Reputation: 14628
I have a map of about tens of millions of dots stand for people's location, now given a dot, how to find the dots(stand for people's location) at a distance in 1 kilo meters from the given dot quickly? What is the best algorithm?
Upvotes: 0
Views: 94
Reputation: 15017
I think the fastest a fast way is to use a grid to filter all dots that are definitly too far away. to the other dots you can compute the distance exact.
Im not sure how your dots look like. But let a dot be a pair of coordinates (x,y)
.
You can save them sorted (in a database), so it is easy to find all dots (a,b)

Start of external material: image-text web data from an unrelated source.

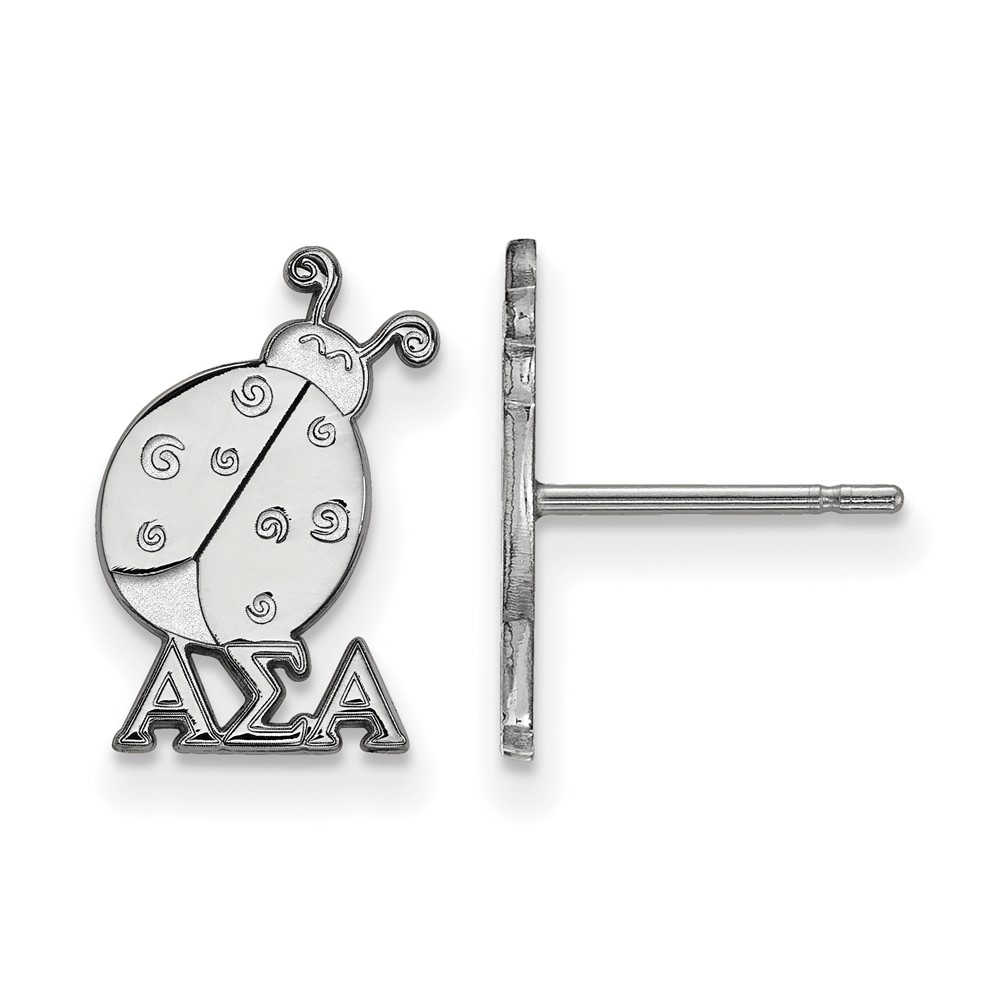 Sterling Silver Rhodium-plated LogoArt Alpha Sigma Alpha Sorority Symbol Extra Small Post Earrings
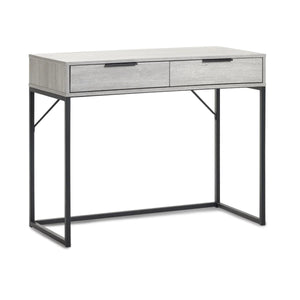 Julian Bowen Bali 2 Drawer Dressing Table Desk with Grey Oak Finish & Black Metal Legs - Sleek Furniture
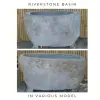 Product image 1 of the product “Riverstone basin, natural surface, polished inside. Dia approx 91-100. Height 61-70 ”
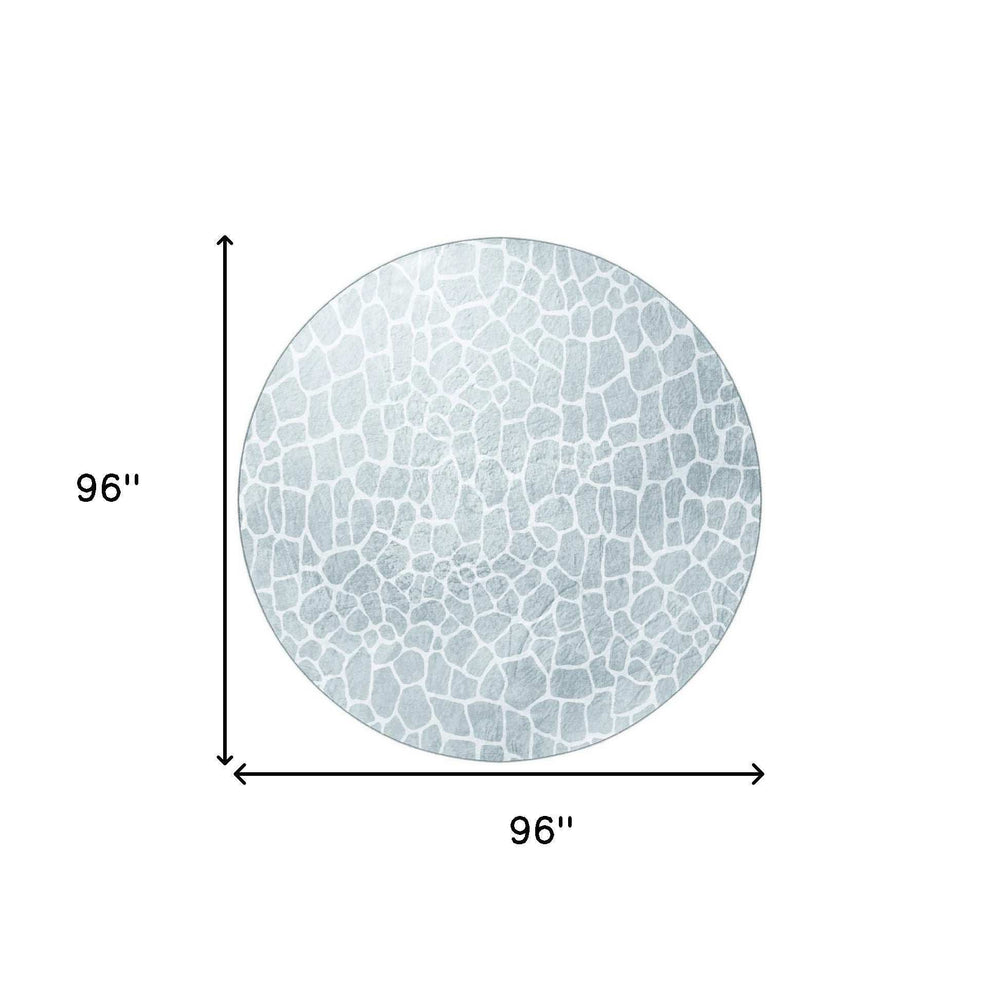 8' Gray and Ivory Round Animal Print Handmade Non Skid Area Rug - Homeroots - Flyclothing LLC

with x - max_dist < a < x + max_dist
and y - max_dist < b < y + max_dist
. so you get a little square with only some dots. Now you can compute the exact distance between (x,y)
and the dots (a,b)
in the square.
This should also work with gps-coordinats. sure, coordinates on a sphere do not form a square, but if the sphere is much larger than the maximum distance it do not matter.
Upvotes: 1
Reputation: 6246
You can use kd tree to get all dots within a particular distance from given point. In dense graph such as yours the problem can be solved in O(logn + k) where k are total points that can be found in the region and n is total points .
Upvotes: 2
Reputation: 19621
Grids sound like a very practical solution, but there are a number of tree-based data structures for this problem as well. The basic idea is that you arrange your data in a tree and add annotations to the tree such as a bounding box at each node which holds all the points held below that node. Then when you search the tree you can work out that you don't need to look in the descendants of most nodes.